### DATA PROVIDED
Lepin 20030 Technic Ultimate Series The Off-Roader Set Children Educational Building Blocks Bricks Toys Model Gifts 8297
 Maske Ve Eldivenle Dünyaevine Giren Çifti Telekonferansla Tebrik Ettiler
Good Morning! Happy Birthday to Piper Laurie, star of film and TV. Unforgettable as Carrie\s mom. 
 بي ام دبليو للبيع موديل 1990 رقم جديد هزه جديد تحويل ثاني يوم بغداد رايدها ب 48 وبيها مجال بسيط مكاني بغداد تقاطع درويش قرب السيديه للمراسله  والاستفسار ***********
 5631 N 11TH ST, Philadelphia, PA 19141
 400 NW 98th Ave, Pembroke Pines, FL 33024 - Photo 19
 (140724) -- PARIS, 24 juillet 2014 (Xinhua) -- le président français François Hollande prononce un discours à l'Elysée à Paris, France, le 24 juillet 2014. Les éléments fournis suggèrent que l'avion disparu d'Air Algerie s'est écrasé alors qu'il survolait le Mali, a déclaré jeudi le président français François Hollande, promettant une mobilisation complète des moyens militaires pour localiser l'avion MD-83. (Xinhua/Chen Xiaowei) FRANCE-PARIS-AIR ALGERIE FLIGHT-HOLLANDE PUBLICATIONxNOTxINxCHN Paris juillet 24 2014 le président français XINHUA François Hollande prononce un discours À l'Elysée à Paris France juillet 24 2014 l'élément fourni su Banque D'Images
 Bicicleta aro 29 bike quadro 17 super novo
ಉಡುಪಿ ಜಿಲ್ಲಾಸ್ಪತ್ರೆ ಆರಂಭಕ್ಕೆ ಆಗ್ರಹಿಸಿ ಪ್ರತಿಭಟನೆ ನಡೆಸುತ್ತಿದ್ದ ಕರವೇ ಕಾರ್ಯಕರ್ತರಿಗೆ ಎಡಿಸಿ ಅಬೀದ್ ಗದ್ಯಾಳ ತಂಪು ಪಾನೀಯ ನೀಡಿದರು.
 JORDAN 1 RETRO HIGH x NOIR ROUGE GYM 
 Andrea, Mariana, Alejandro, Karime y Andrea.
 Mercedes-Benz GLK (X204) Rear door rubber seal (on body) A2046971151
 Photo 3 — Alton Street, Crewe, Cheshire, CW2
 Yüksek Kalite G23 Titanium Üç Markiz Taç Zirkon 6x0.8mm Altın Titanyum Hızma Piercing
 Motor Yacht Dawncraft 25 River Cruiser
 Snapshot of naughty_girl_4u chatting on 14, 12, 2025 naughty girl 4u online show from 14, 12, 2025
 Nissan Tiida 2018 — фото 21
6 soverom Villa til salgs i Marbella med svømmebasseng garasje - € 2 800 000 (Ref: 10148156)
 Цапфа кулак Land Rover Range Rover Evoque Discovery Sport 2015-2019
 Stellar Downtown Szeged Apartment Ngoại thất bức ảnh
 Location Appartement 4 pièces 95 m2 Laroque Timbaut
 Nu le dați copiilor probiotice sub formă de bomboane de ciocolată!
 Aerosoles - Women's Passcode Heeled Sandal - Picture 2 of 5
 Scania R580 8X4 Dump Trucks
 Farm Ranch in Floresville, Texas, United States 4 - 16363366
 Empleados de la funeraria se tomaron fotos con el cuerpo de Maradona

### TRY IT
Each line of the entries where the string "Photo" occurs should be shown.

### ANSWER TO THIS TASK
 400 NW 98th Ave, Pembroke Pines, FL 33024 - Photo 19
 Photo 3 — Alton Street, Crewe, Cheshire, CW2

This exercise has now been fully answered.